On Monday, CNN reported that the French company which helps operate the nuclear plant in southern Guangdong province had warned Washington of an "imminent radiological threat."
The warning included an accusation the Chinese safety authority was raising the acceptable limits for radiation detection outside the plant in order to avoid having to shut it down, according to a letter from French firm Framatome to the US Department of Energy, obtained by CNN.
Responding to the report on Tuesday, Zhao said the Taishan plant was fully compliant with all technical requirements.

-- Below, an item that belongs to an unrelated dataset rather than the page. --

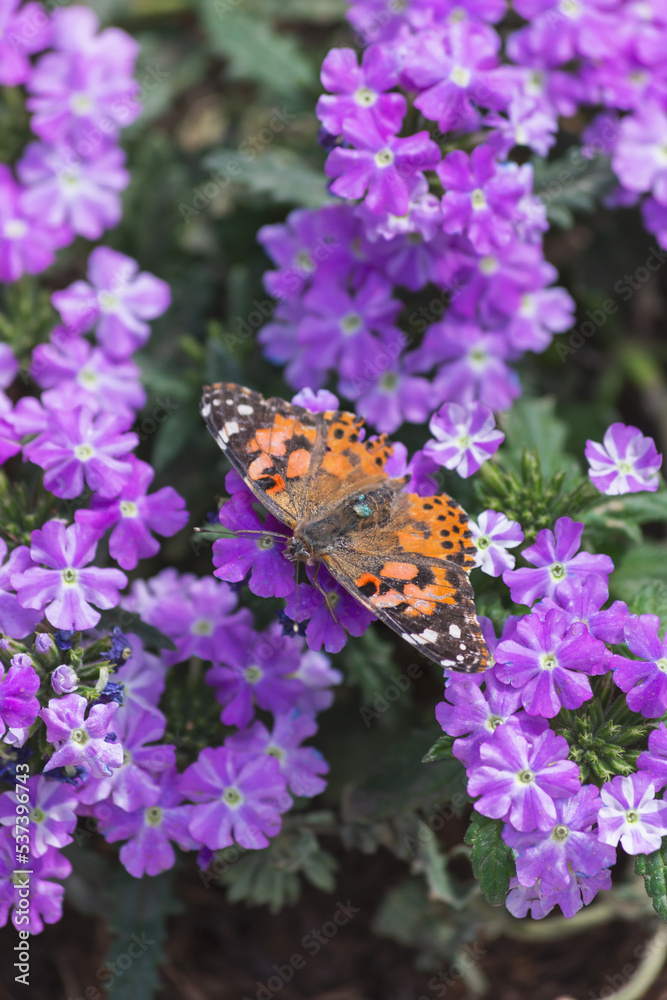 Silent Vanessa carye western painted lady butterfly flutters among the blooming purple flowers in the garden looking for pollen Silent Vanessa carye western painted lady butterfly flutters among the blooming purple flowers in the garden looking for pollen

"China attaches great importance to nuclear safety and has established a nuclear safety supervision system that is in line with international standards and national conditions," he said. "China's nuclear power plants as of now have maintained a good operating record. There have been no incidents affecting the environment and public health."
However, Zhao declined to answer follow-up questions regarding Framatome's language in its warning to US officials, specifically, its use of the term "imminent radiological threat," and the suggestion that Chinese authorities had raised acceptable limits of radiation for the plant and its surrounding area.
In a statement on its website Sunday, the plant's owners also maintained that environmental readings for both the facility and its surrounding areas were "normal."
The two nuclear reactors in Taishan are both operational, the statement said, adding that Unit 2 had recently completed an "overhaul" and "successfully connected to the grid on June 10, 2021." It did not define why or how the plant was overhauled.
Despite the alarming notification from Framatome, which is mainly owned by French utility company Electricite de France (EDF), the Biden administration believes the facility is not yet at a "crisis level," a source told CNN.
EDF holds a 30% stake in the power plant's owner and operator, TNPJVC -- a joint venture with state-owned China General Nuclear Power Group.
Framatome had reached out to the US in order to obtain a waiver that would allow them to share American technical assistance in order to resolve the issue at the Chinese plant.
US officials have been monitoring the situation and believe it does not currently pose a severe safety threat to workers at the plant or Chinese public. But the concern was significant enough that the National Security Council held multiple meetings last week.
The Biden administration has discussed the situation with the French government and their own experts at the Department of Energy, sources said. The US has also been in contact with the Chinese government, US officials said, though the extent of that contact is unclear.
In a statement to CNN on Friday, Framatome acknowledged it "is supporting resolution of a performance issue with the Taishan Nuclear Power Plant in Guangdong Province, China."
"According to the data available, the plant is operating within the safety parameters. Our team is working with relevant experts to assess the situation and propose solutions to address any potential issue," the statement added.
On Monday, French utility company EDF said in a statement it has been informed of an increased concentration of "noble gases in the primary circuit" of reactor number 1 of the Taishan nuclear power plant.
EDF said "the presence of certain noble gases in the primary circuit is a known phenomenon, studied and provided for in the reactor operating procedures," but did not elaborate on gas levels.
Later on Monday, a spokesperson for EDF said the increased levels of radiation were caused by a "degradation of the housing of the fuel rods."
The spokesperson affirmed that the levels of radioactivity observed at the plant were below the threshold stipulated by the Chinese authorities, adding the affected housings are the first of three containment barriers between the rods and the atmosphere.
The spokesperson noted the risk of a potential leakage in the rod housing was first discussed following a planned refueling outage in October 2020 after initial measurements led to suspicions of a "lack of tightness" in the housings.
However, the spokesperson stressed that without a full analysis, it is too early to confirm whether a complete shutdown of the reactor is needed, adding that EDF currently has no information regarding the origin of the rod housing degradation.